As you select a legal structure for your business, you may find yourself choosing either the corporation or LLC (limited liability company). These are the two most common legal entities for a new business, and this post will compare them, allowing you, the business owner, to decide which is better.
Please note: to get an overview of all entities, please visit, “Business Entity Comparison.”
First, let’s check out the two major similarities between an LLC and a corporation.
1) Limited Liability Protection: As long as the entity is in good standing, both structures offer limited liability protection, unlike a sole proprietorship or a general partnership. In the event of a lawsuit, only the business’ assets, and not the owners’ personal property, can be targeted and seized.
2) Name Reservation: Both LLCs and corporations are registered with the state’s Corporation’s Division.
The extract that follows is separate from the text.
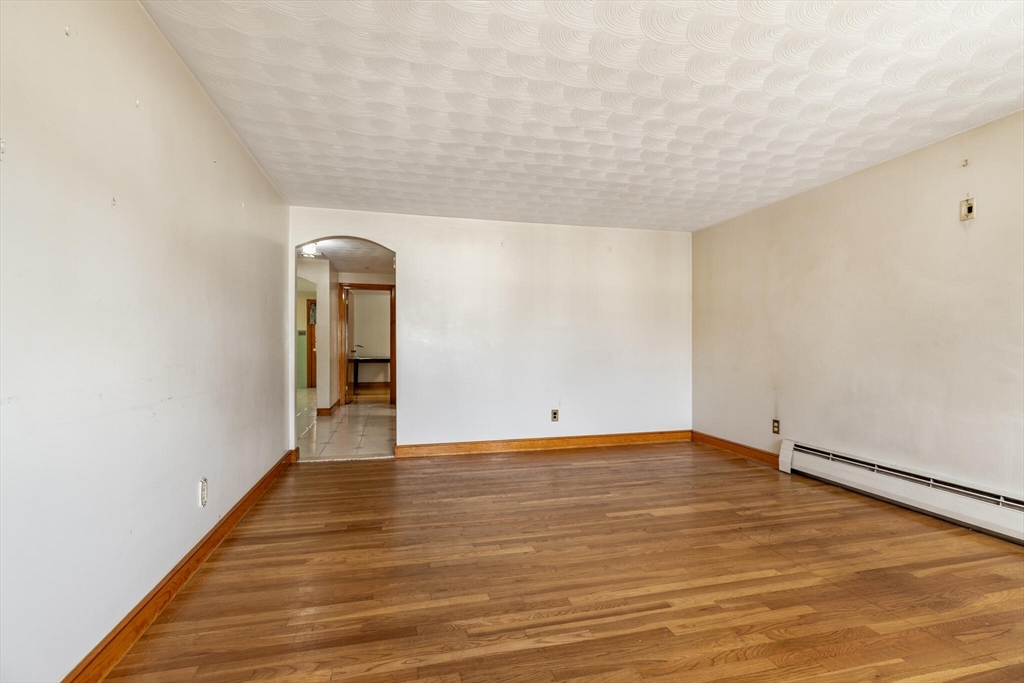 17 Albert Park Everett, MA 02149 - Photo 7 of 40 a view of an empty room with wooden floor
Once your initial filing is approved, another company in the same state cannot register the name of your business. If your entity falls out of good standing, or is dissolved, the entity name may become available once more.
Now let’s explore how these two entities differ. That’s why you’re here, right?
1) Registration with the State: Registering an LLC with the state is termed “formation” or “organization.” Registering a corporation is termed “incorporation.” Consequently, you’ll file “Articles of Formation” or “Articles of Organization” for your LLC, and “Articles of Incorporation” for your corporation. Make sure you prepare and file the correct form(s).
2) Ownership: On one hand, an LLC is owned by members, which is detailed in the LLC operating agreement, and often evidenced by “membership certificates.” On the other hand, a corporation is owned by shareholders. A corporation issues stock to shareholders investing in the company in anticipation of profit. For a small, private company, there may be only a handful of shareholders. For a large, public company, that number may be in the thousands or millions.
3) Taxation: By default, an LLC is taxed as a sole proprietorship or general partnership, which means the owners declare business profits on their annual 1040 (Schedule C). A corporation is taxed as a C-Corporation, which is the classic double-taxation model. Profits are taxed at the corporate level, and then dividends are taxed a second time at the shareholder level.
4) Ongoing formalities: Generally speaking, an LLC is simpler to run than a corporation. For example, a corporation must draft bylaws, and hold an annual shareholders meeting, whereas an LLC must not. Additionally, there may be state-specific requirements for both entities. Franchise and annual taxes are common, and in some states, such as California ($800), are quite expensive. Before you register your business, research the ongoing activities you must complete, in order to stay in good standing.
So which is better?
Neither is outright “better.” The decision between a corporation or LLC should be based on your activities, mission, and plan for growth. However, here are three things to consider:
1) Are you seeking venture capital?
Are you planning on seeking venture capital, to go public, and to explode onto the market? An LLC does not permit a limitless number of shareholders, and many venture capitalists will not consider an LLC as a candidate for funding.
2) How large will you be?
Similarly, many “solopreneurs” and small business owners find that the tax structure and the formalities of a corporation are incongruent with their resources and goals. An LLC offers liability protection and fewer ongoing responsibilities for smaller organizations.
3) Anything relevant to your situation
You’ll find tons of pages, like this one, telling which entity to choose. However, we’re not psychics, and don’t know everything about your business. Hopefully, the information provided above is enough for you to make an informed decision on your own.